Great pick rusty! Even as a kid when I saw this, i remembered thinking there was something special here. Kermit's almost aching sadness with what he's been given in life, and his realization that what he's got is good enough and great in it's own way.


----------



## jbfan (Jul 1, 2004)

Wow loneframer.
I now need to find my records and pull out bad boy Jim.

Thanks


----------



## woodworkbykirk (Sep 25, 2011)

too many songs for me to pick just one

elvis presley- thats all right mama
stray cats- baby blue eyes, blast off
lee rocker- memphis breeze, miracle in memphis
flogging molly- drunken lullabies, devils dance floor
mike ness- cheating at solitaire, devil in miss jones
social distortion- story of my life, ball and chain, dont take me for granted
street dogs- state of grace, free, final transmission
johnny cash- hey porter, walk the line,
flatfoot 56- courage, city on a hill
motorhead- killed by death, motorhead, ace of spades
big john bates- burlesque is dead, flamethrower
slackers- those three words, war criminal

i could go on and on... and the funny thing is most of the stuff you guys have never heard of.. i hate big time commercial music.. i prefer the underground stuff with raw energy to it thats kept to a 2 or 4 track in recording


----------



## 47howard (Nov 14, 2011)

Tuesday's Gone- Lynyrd Skynyrd


----------



## loneframer (Mar 27, 2009)

jbfan said:


> Wow loneframer.
> I now need to find my records and pull out bad boy Jim.
> 
> Thanks


Jim was genius.

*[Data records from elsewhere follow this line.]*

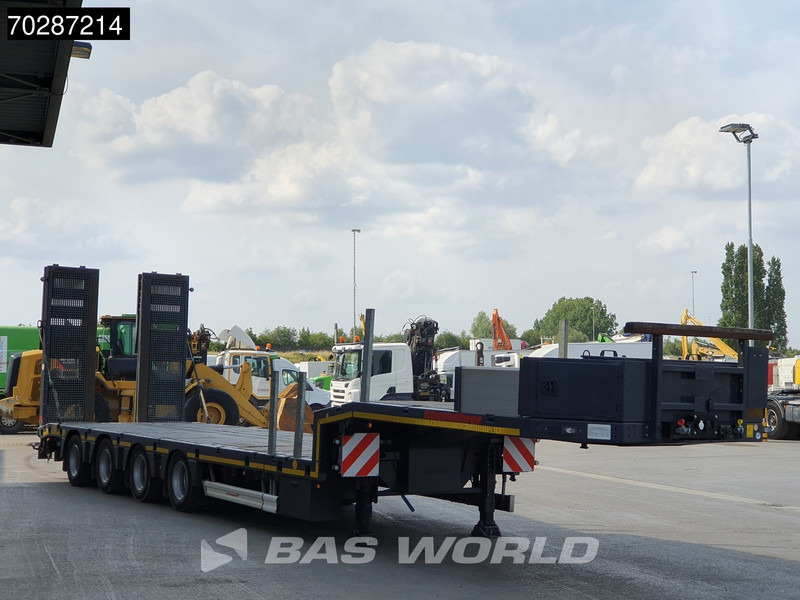Kässbohrer Extendable 2xSteering Axle TÜV 08/25 - Low loader semi-trailer: picture 3 Kässbohrer Extendable 2xSteering Axle TÜV 08/25 - Low loader semi-trailer: picture 3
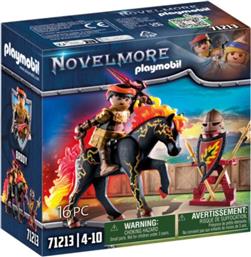 NOVELMORE - BURNHAM RAIDERS-ΙΠΠΟΤΗΣ & ΑΛΟΓΟ ΤΗΣ ΦΩΤΙΑΣ, 71213 PLAYMOBIL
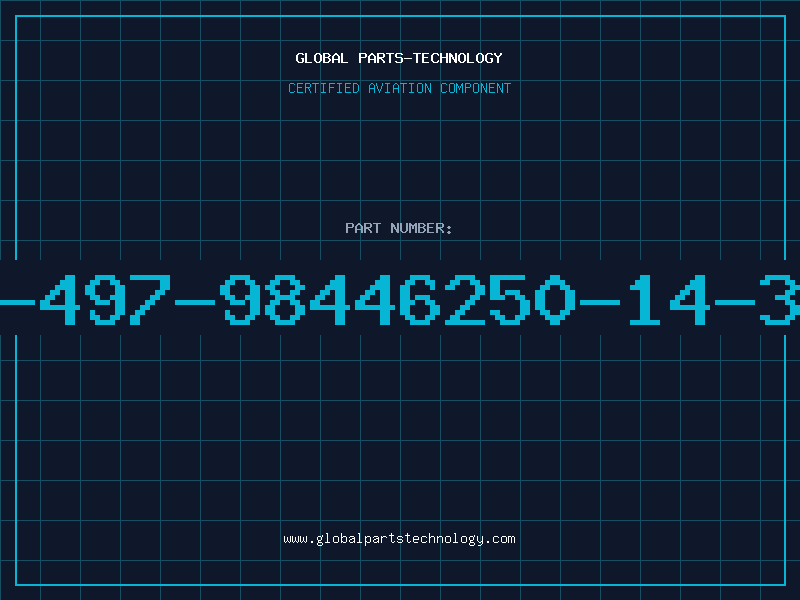 Aviation Part 5970-00-497-98446250-14-343-9746
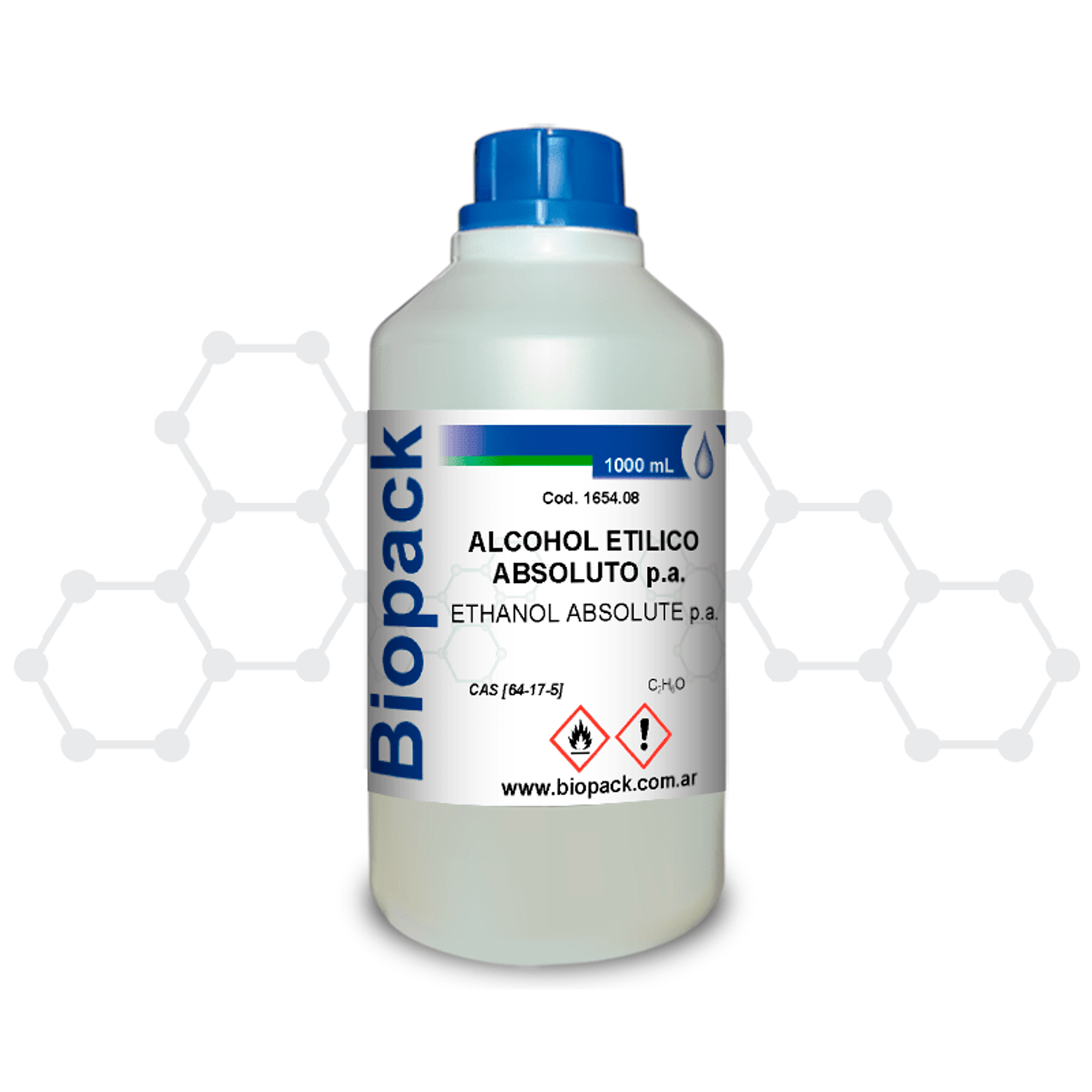 ALCOHOL ETILICO ABSOLUTO ANHIDRO 1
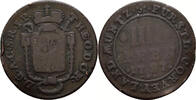 Corvey 4 Pfennige Theodor von Brabeck -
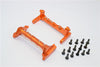 Vaterra K5 Blazer Ascender Aluminum Servo Mount - 2Pcs Set Orange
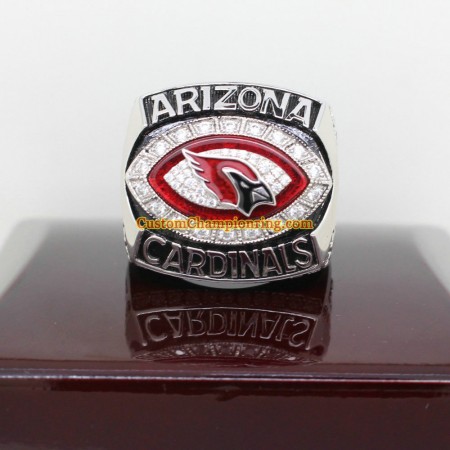 2008 Arizona Cardinals National Football Championship Ring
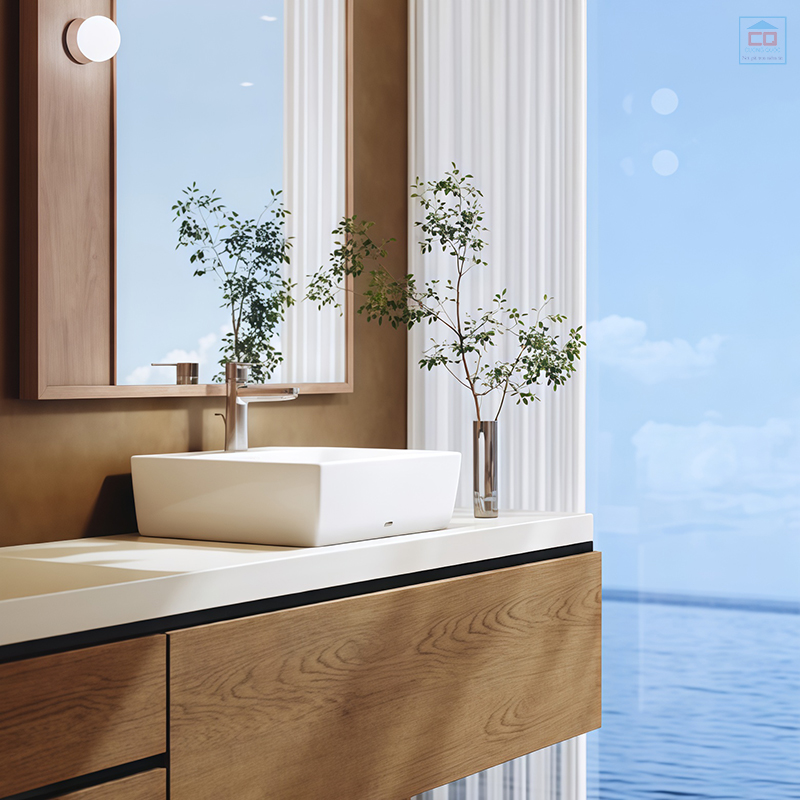 Lavabo đặt bàn TOTO LT328CTR#XW/TLS06301V1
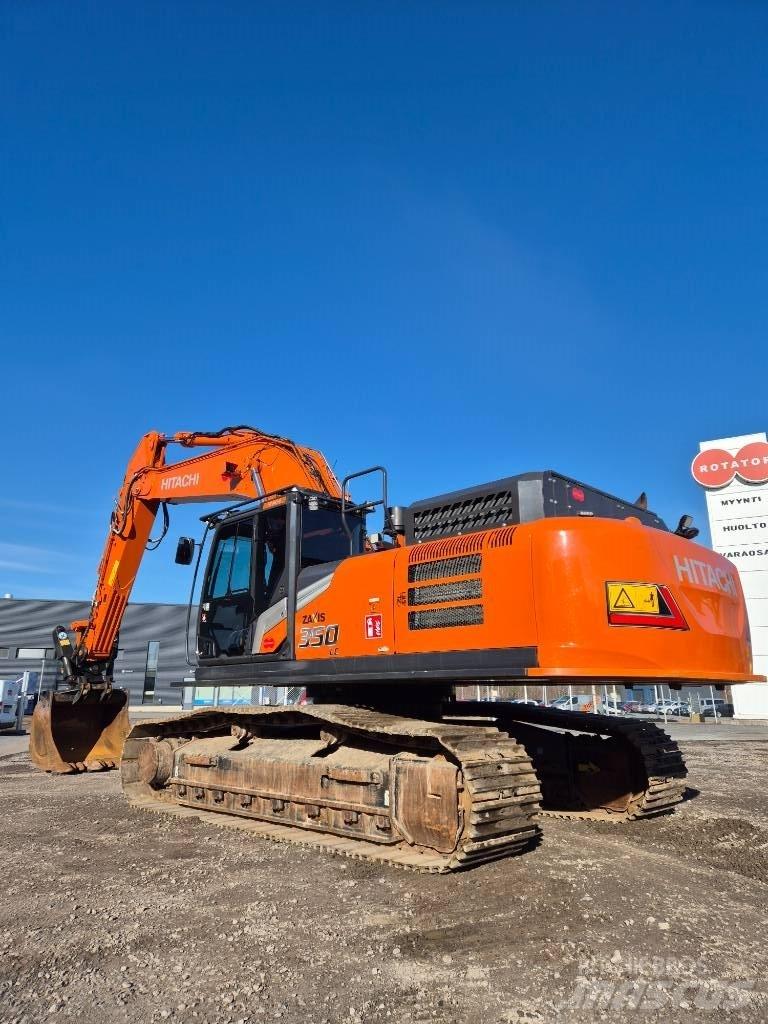 Hitachi ZX350LC-7 Bageri gusjeničari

He had some great lighthearted songs as well.:thumbup:

http://www.youtube.com/watch?v=zljYVfHdAOE&feature=related

http://www.youtube.com/watch?v=YEo06UdN9vI&feature=related

http://www.youtube.com/watch?v=x8Cob3ief1U&feature=related


----------



## DangerMouse (Jul 17, 2008)

Hey ltd, since we already had a "favorite song" thread, I merged yours with the original.

DM


----------